If you think about physically tracing the graph of $|x|$ between $(-1,1)$ and $(1,1)$ as you move at unit speed along the $x$-axis then the corner at the origin requires an instantaneous change of direction.
If you slow down so that your speed approaches $0$ as you approach the origin then there's no sudden change of direction there, and you speed up afterwards. That's how the given reparameterization "hides the corner".
In this animation contributed by @leftaroundabout the red vertical line moves at uniform speed from left to right; the blue one slows down to cross the origin at $0$ speed.
What's going on here: time runs from $t=-5$ to $t=5$. The red vertical shows that time on the x-axis ($\color{red}{x=t}$), the green horizontal $\color{green}{y=t}$. The green curve gives the parametrisation of $\color{green}{x=f(t)}$, and the red parabola represents $\color{red}{(t,t^2)}$. Taking at each $t$ the $x$-values from $\color{blue}{f(t)}$ and the $y$-values from $\color{blue}{t^2}$ gives the yellow graph, which is identical to absolute-value function $\color{yellow}{|x|}$.
Animation source code: https://gist.github.com/leftaroundabout/2a19aea0e8dcb7b63d919406ecdb8c4a
The corner here is the point $(0,0)$, as it is a non-differentiable corner of the curve represented by the graph of $h(x)=|x|$ (parametrized by $(t,h(t))$).
This non-differentiability is what is being hidden by this reparametrization of the curve as both $f(t)$ and $t^2$ are differentiable functions.

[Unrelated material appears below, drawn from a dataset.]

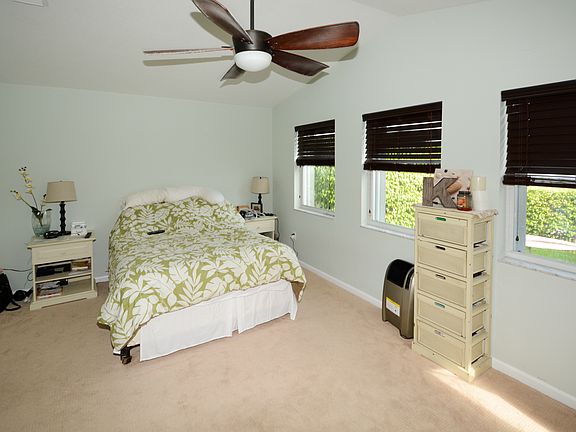 5th image of 15218 Wilshire Cir S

The way it does this is by having derivative $0$ for both the $f(t)$ and $t^2$ at $(0,0)$.
The other answers cover this nicely. I offer a somewhat different perspective. Notice that the function $h$ is a map from $\mathbb R$ to $\mathbb R$, whereas the parameterization $c$ is a map from $\mathbb R$ to $\mathbb R^2$. This means a priori that the $meaning$ of $h'$ and $c'$ are different. Thus, there is no reason to expect that differentiability of one of them implies differentiablity of the other.
Here is an even worse situation that can occur: take $f(t)=(\cos t,\sin 2t):\ \frac{-\pi}{2}< t< \frac{3 \pi}{2}$. Now, $f$ as defined is injective and differentiable on its domain. The curve (image of $f$) is
If we restrict the curve to $AB$, then the inverse image contains the isolated point $\frac{\pi}{2},$ and so is not open, but $AB$ may be considered as the $graph$ of some $real-valued$ function which is evidently continuous (even differentiable).
The underlying problem is that when we consider continuity and differentiability of $f$ the codomain $\mathbb R^2$ is the space we work in. But when we consider the curve to be the graph of a relation, and restrict it to $AB$ so that is becomes a function, we are changing the codomain to a subset of $f((\frac{-\pi}{2} , \frac{3 \pi}{2})),$ which is quite a different thing. Although $f$ is smooth as a function $(\frac{-\pi}{2}, \frac{3 \pi}{2})\to \mathbb R^2$, $AB$ is not even an open set in the topology induced by $f$, because $f^{-1}(AB)$ is not open!